Problem to work on: Please transcribe the lines below exactly, and leave every image behind.

Dataset excerpt:
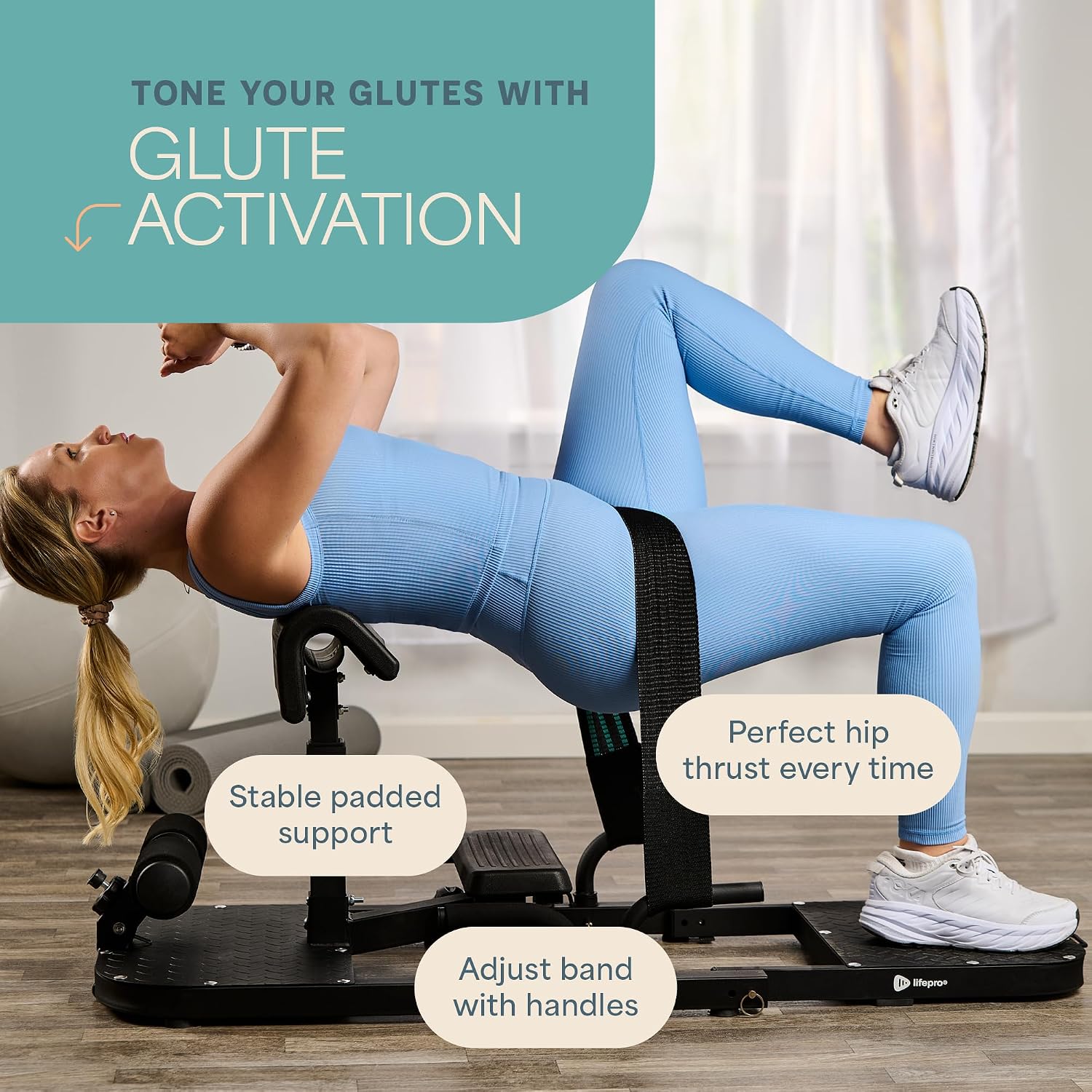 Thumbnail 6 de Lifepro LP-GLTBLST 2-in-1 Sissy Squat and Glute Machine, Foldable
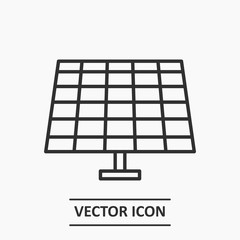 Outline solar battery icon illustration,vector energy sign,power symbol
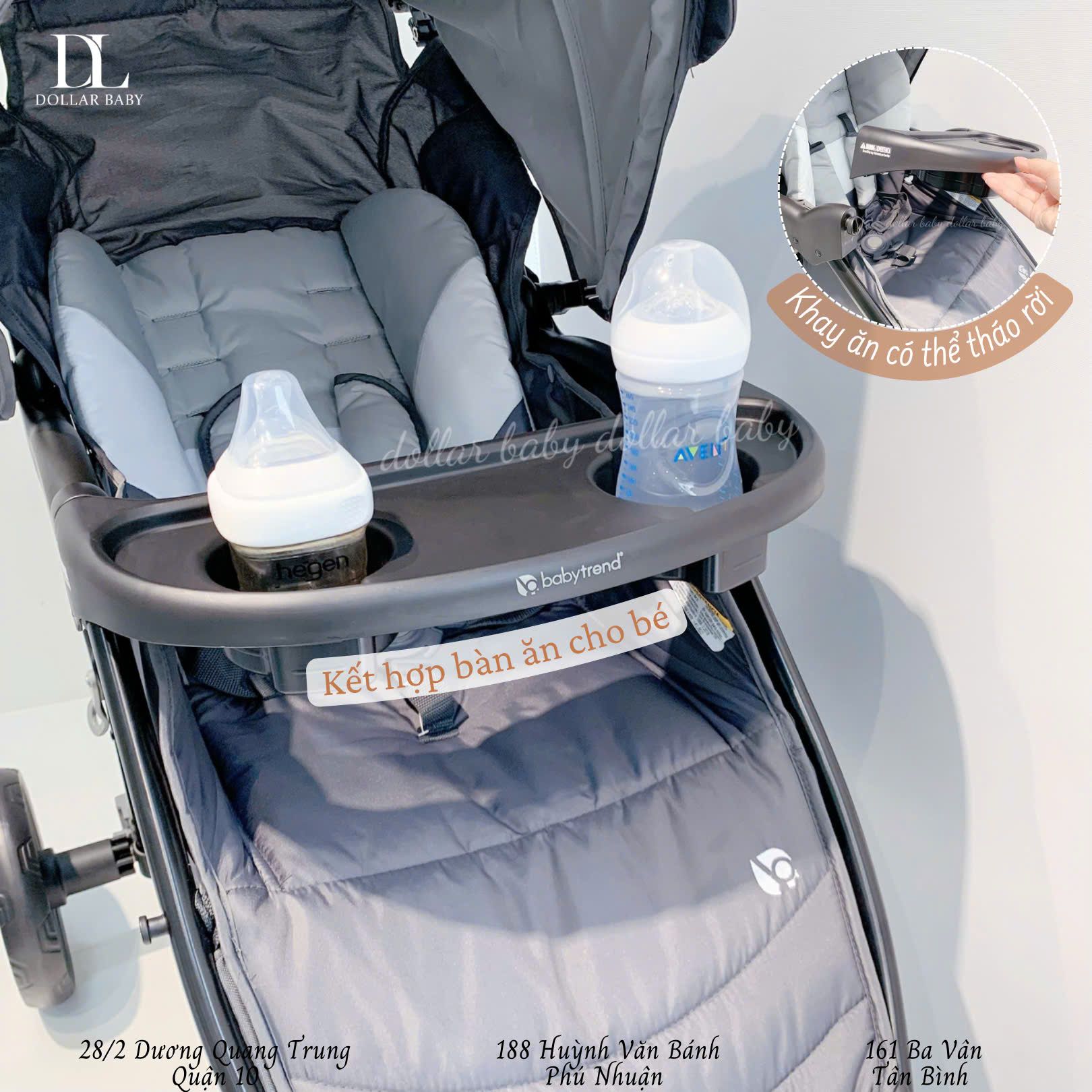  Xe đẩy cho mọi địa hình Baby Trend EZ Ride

Reply to the exercise:
 Thumbnail 6 de Lifepro LP-GLTBLST 2-in-1 Sissy Squat and Glute Machine, Foldable
 Outline solar battery icon illustration,vector energy sign,power symbol
  Xe đẩy cho mọi địa hình Baby Trend EZ Ride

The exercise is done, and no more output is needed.